━━━ RECORDED INFORMATION
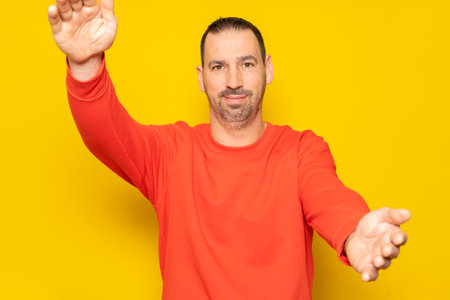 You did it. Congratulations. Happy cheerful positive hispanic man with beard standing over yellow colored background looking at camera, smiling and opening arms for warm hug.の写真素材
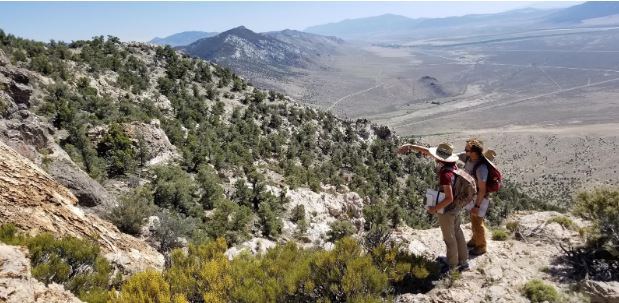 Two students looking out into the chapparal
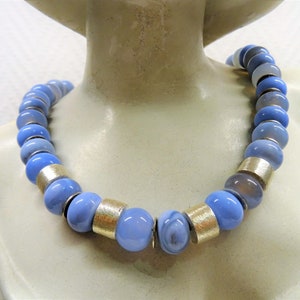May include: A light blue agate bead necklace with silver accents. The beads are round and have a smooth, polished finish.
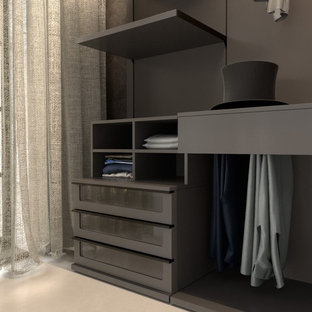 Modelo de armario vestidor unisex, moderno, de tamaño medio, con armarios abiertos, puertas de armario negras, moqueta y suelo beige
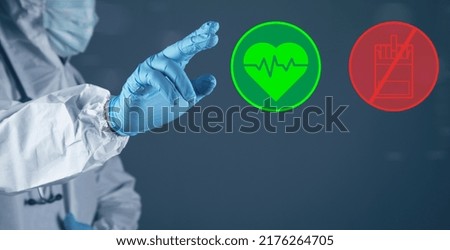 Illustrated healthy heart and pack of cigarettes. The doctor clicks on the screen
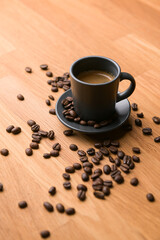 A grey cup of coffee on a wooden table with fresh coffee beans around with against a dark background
━━━━━━
EXERCISE OBJECTIVE: Give the records back exactly. Leave the pictures out.

RESULT:
 You did it. Congratulations. Happy cheerful positive hispanic man with beard standing over yellow colored background looking at camera, smiling and opening arms for warm hug.の写真素材
 Two students looking out into the chapparal
May include: A light blue agate bead necklace with silver accents. The beads are round and have a smooth, polished finish.
 Modelo de armario vestidor unisex, moderno, de tamaño medio, con armarios abiertos, puertas de armario negras, moqueta y suelo beige
 Illustrated healthy heart and pack of cigarettes. The doctor clicks on the screen
 A grey cup of coffee on a wooden table with fresh coffee beans around with against a dark background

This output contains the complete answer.